[Your instructions] Please reproduce the listing word for word. Pictures stay out.

[Given information]

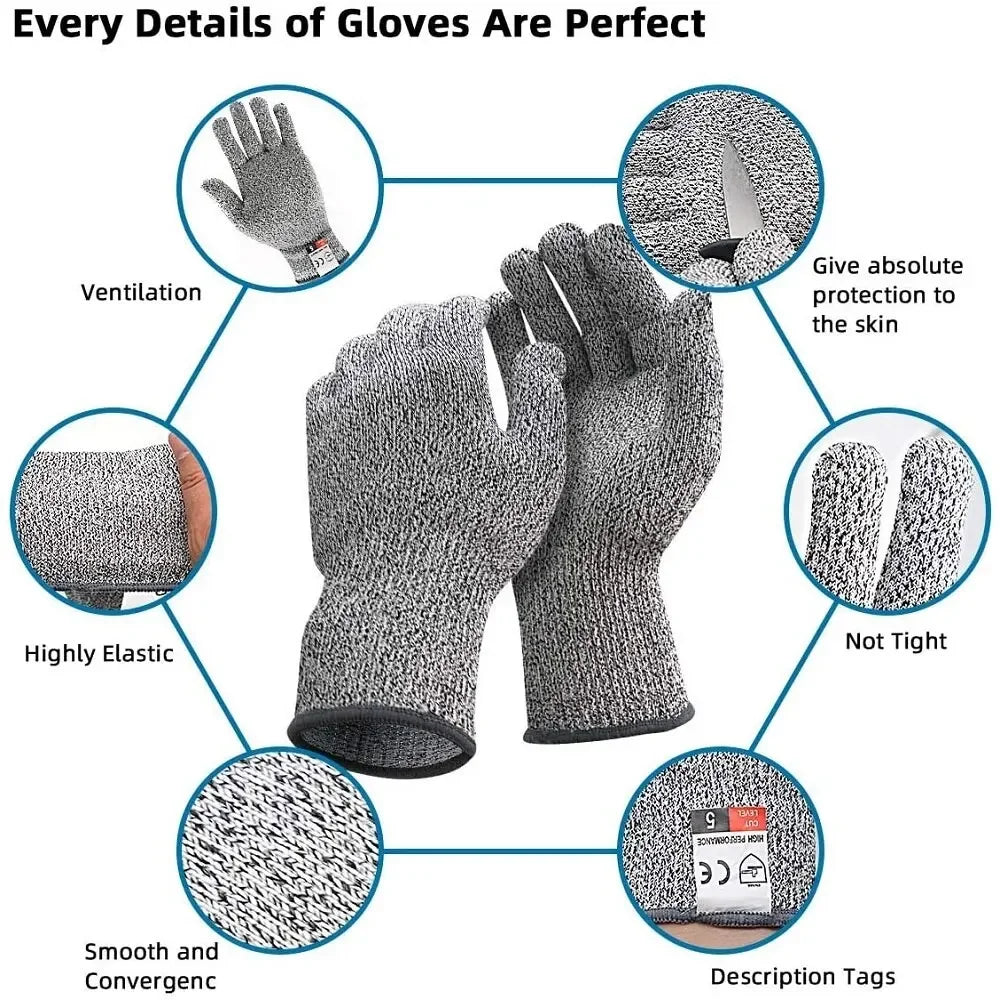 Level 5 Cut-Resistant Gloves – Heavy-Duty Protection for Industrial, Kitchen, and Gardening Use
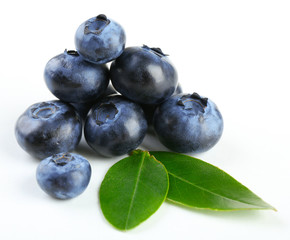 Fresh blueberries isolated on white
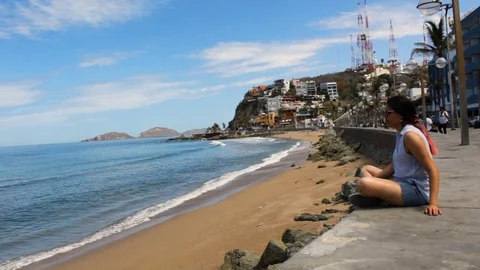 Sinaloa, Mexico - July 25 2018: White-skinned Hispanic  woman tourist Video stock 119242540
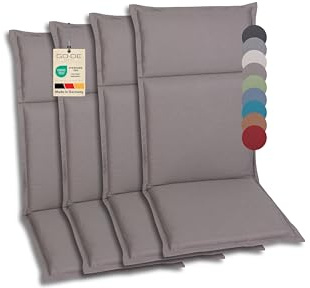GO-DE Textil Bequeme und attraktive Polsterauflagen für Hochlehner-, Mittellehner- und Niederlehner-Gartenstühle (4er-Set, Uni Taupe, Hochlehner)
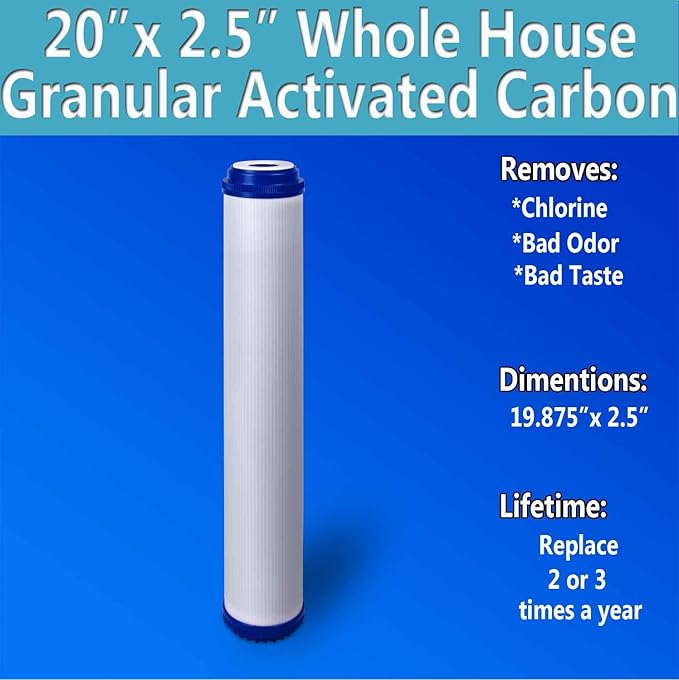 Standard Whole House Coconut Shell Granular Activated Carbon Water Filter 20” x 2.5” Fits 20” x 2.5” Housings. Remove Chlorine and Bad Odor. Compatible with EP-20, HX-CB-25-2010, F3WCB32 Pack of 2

[Solution to this problem]
 Level 5 Cut-Resistant Gloves – Heavy-Duty Protection for Industrial, Kitchen, and Gardening Use
 Fresh blueberries isolated on white
 Sinaloa, Mexico - July 25 2018: White-skinned Hispanic  woman tourist Video stock 119242540
GO-DE Textil Bequeme und attraktive Polsterauflagen für Hochlehner-, Mittellehner- und Niederlehner-Gartenstühle (4er-Set, Uni Taupe, Hochlehner)
 Standard Whole House Coconut Shell Granular Activated Carbon Water Filter 20” x 2.5” Fits 20” x 2.5” Housings. Remove Chlorine and Bad Odor. Compatible with EP-20, HX-CB-25-2010, F3WCB32 Pack of 2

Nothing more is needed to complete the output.